数日、京都市内では夕立の降る日が続いた。渓流も水が太くなっただろうと予想して、この日は葛川の京都府側の源流・大見川をめざすことにした。

途中(とちゅう)の分岐で、いつもは右方向の花折峠に向かうが、今回は京都市内向きの左方向へ。うす暗い中、百井(ももい)峠の急坂を登って、百井集落を通過するころ夜が明けた。

増水時はこの橋の上まで水が来るのだろうか

大見(おおみ)は京都市左京区の大原の飛地にある山間集落で、1980年代には、地下鉄建設の残土で埋め立てて運動公園を作るという計画があった。

結局その計画は流れたので、集落も、高原状の大見一帯の自然も無事に残っている。

反対運動の一環として立木トラスト運動を展開したグループが所有する大きな小屋が、集落のはずれに建っている。1996年ごろの春先、まだ雪が残る時期に、そこを借りて1週間ほど泊まり込んで、バンドのレコーディングをしたことがある。その小屋も健在だった。

大見集落の小学校跡地

冬の間は雪に閉ざされる大見だが、夏の間は、今も誰かが住んでいるようだ。人の姿は見なかったが、2軒ほどの家には生活の気配があった。

しかし、20年前はあった小学校跡は取り壊されて、杉林に囲まれた静かな空き地になっていた。

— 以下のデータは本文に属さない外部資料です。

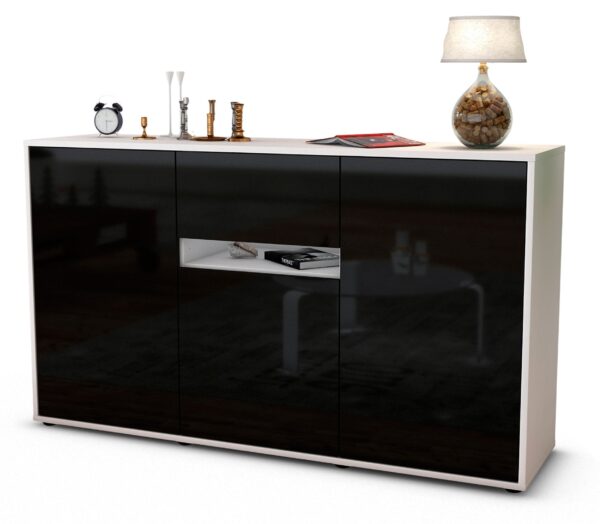 Sideboard Dorina, Schwarz (136x79x35cm)
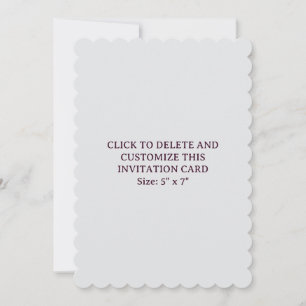 Custom Off White Scalloped 5" x 7" Flat Invitation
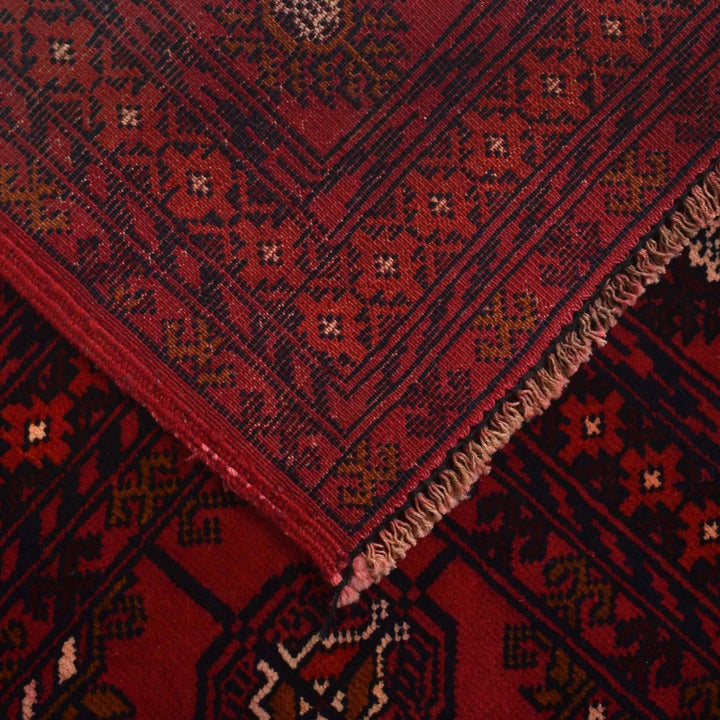 Red Afghan Bokhara Rug 3' 10" x 6' 2" Hand-Knotted | No. AL56284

6時過ぎに大見川の、大見集落手前2キロぐらいの上流部分から釣りを始めたが、思ったよりだいぶ水が少ない。というか、かなりしょぼい。

大見川も厳しい渇水だった

軽めの2.2グラムのスプーンを投げるが、ほとんど渓魚のチェイスも見えない。

集落近くまで釣りあがったものの、高低差がなく広く開けた湿原の中を流れる川は、干上がりそうなほどの渇水。

ルアーを見に石の下から出てきたアマゴを一回見たぐらいで、渓魚の反応もほとんどなかった。

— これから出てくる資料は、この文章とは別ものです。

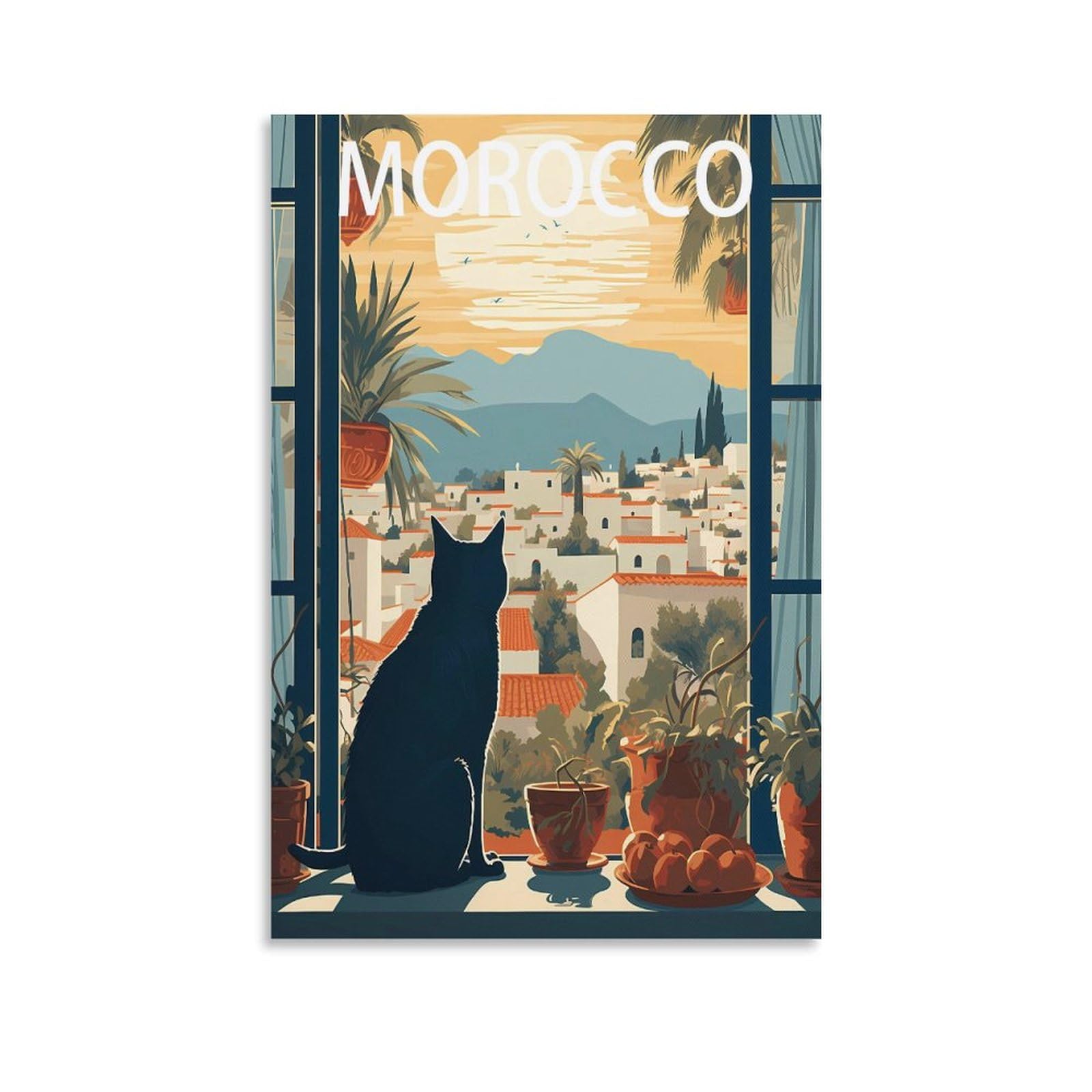 LHJOIUN Morocco Sunset Vintage Travel Poster Landscape 08x12inch(20x30cm) Art Canvas Print For Living Room Bedroom Home Decoration Modern Art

かなりの雨が降らないと、この一帯では釣りは無理だ。高原状の穏やかな流れを楽しむという目論見は、大外れだった。

アシビ谷源流のチビアマゴ

10時半ごろ車に戻り、峠を越えて尾越(おごせ)へ。尾越の集落を越えた先の林道沿いにはアシビ谷の源流が流れており、かつて5月の雨上がりに、テンカラでアマゴがボンボン飛び出した楽しい思い出がある。

尾越集落からさらに林道を奥に進み、アシビ谷源流が林道と出会うあたりに車を停めた。河畔の雑木林と斜面を伝って少し下り、アシビ谷源流部分に出てみた。水は少ないが、釣りができる程度には流れている。

この日は、可愛らしいアマゴ1尾だけだった…

ほぼ第一投で、白く反転して小さなアマゴが釣れた。こりゃ幸先ええぞ!と喜んだが、まさかこれが、この日触れることができた唯一の魚になるとは。。。

アタリもないまま、あっという間に、二ノ谷の合流地点まで釣り上がってしまった。ここで、尾越からの流れが泥っぽく濁っており、それがアシビ谷の濁りであることが判明。

分岐したニノ谷は透き通っていて嬉しいが、結局、流れが狭まって水量ある好ポイントで、ルアーに寄るアマゴを2度ほど見ただけだった。

さらに釣り上がってみたが、すぐに、杉林の中をチョロチョロ流れる渇水状態になった。こうなったら、テンカラでも釣りは不可能だ。大見もダメ、尾越もダメとなると、下流に移動するしかない。

百井川でも不発

大見川と百井川が合流するヒノコ一帯の葛川は、この渇水期でもまとまった水量があり、実に良い感じの流れが続いている。しかし、渕と呼ぶには浅い広々としたプールや、穏やかなザラ瀬は、5月6月の盛期なら釣れそうだが、夏の昼間はまず釣れなさそうな気配。

「いい感じ」やけど、いかにも釣れなさそうな流れやなーと、諦め半分でキャストしていたら、明るい日向で、アマゴらしき魚がライズした。真昼間、しかも明るい水面でのライズとはめずらしい。

樹から落下する昆虫でも狙って飛び出したのだろうか? その付近にキャストしたが反応はなく、ライズも一度きりだった。

大見川を右に見送り、初めて百井川に入ってみた。やや岩盤状の、ナメ混じりのいい流れだ。しかし釣れない。カワムツ1尾釣ったのみだった。

ちょうど西日に向かって釣り登る形になり、まぶしくなったので車に戻り、大見川の下流部分に移動した。

下流部分は百井川よりもひとまわり水量も多い感じで、岩盤状のところや、丸石の多い瀬は水量もあり、釣れそうな気配はあるのだが。

しかし結局ダメだった。5時に、スパッとあきらめて竿をたたんだ。この日も、アマゴの塩焼きを食うことはできなかった。